Ten-year-old Pat "Patsy" Campbell loved music. She loved listening to it, and she loved dancing to it. While growing up, she took ballet classes. She often taught herself routines by watching others. One of those dances was called the jitterbug.
In 1941, the jitterbug was all the rage. Young people loved dancing the jitterbug to live swing music. They went to dance halls and ball rooms and danced the night away.
Patsy was no exception. Her dad was in the Navy, and her family lived just outside of Pearl Harbor's main gate. She lived just down the road from Bloch Arena, which was the place to be on weekends. Friday nights were for boxing matches. Saturday nights were for The Battle of the Bands contests.

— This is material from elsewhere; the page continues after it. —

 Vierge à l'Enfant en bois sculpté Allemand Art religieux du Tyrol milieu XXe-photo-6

Saturday night, December 6, 1941, young Patsy was in attendance at Bloch Arena. She sat just in front of the band and tapped her feet to the music. That night there was a jitterbug contest. The emcee took notice of Pat and asked the crowd if someone would like to be this young girl's partner. A 17-year-old sailor named Jack Evans volunteered. They showed off their moves and ended up winning trophies as the jitterbug champs! That night, they left the contest without even knowing each other's names.
The next morning, December 7th, Oahu was under attack. Per her dad's suggestion, Pat went to her neighbor's house with her mom, brother, and dog Tinker. They watched in shock and disbelief from the house's second story as Pearl Harbor and Hickam Field were destroyed before their eyes.

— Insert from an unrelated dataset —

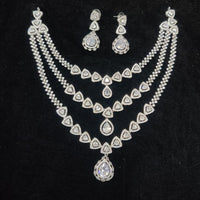 Manisha Jewellery Designer American Diamond Necklace Set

After the war, life went on. Pat (now Thompson) grew up and married, and moved to the San Diego area to raise her family. Even though many years passed, she always wondered what happened to her jitterbug partner on that fateful day. She started submitting letters to veterans' newsletters to see if she could find out.
About a year later, the mystery was solved! Pat was shocked to hear a message on her answering machine saying, "If this is Pat Thompson, I'm the Sailor you're looking for."

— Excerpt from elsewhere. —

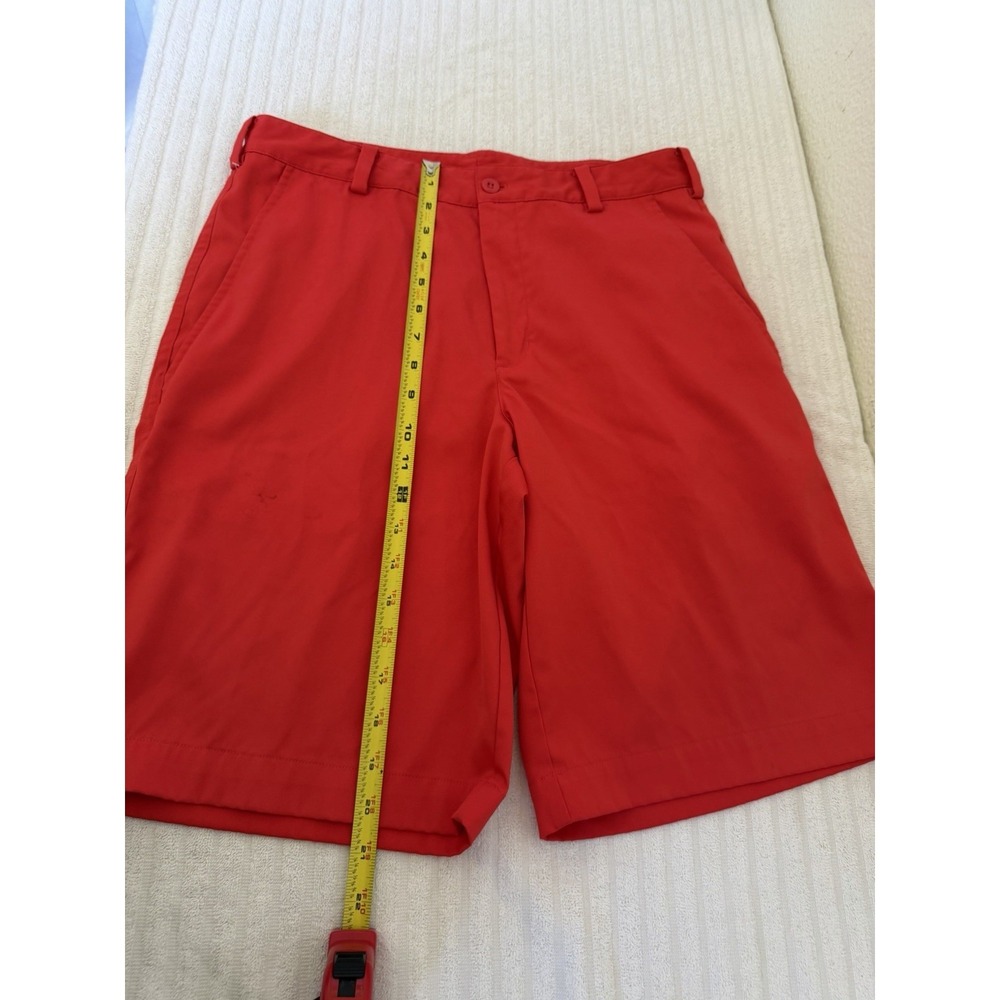 Nike Dri-Fit Golf Chino Shorts Mens 30 Red Performance Athletic Flat Front - Picture 10 of 16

It was Jack Evans! As it turns out, the two had lived only 15 miles from each other for 40 years. Jack had moved to the San Diego area too.
Since reuniting, the dance partners have recreated their jitterbug on a few special occasions. The most notable was then they both came back to Pearl Harbor for the 65th anniversary in 2006 to relive their memorable moment. While most stories of that fateful day focus on the devastation, the story of the jitterbug between ten-year-old Patsy, now 81, and 17-year-old Jack, now 88, is a bright spot in the darkness.
Pat's winning trophy is now on display at the Pearl Harbor Visitor Center.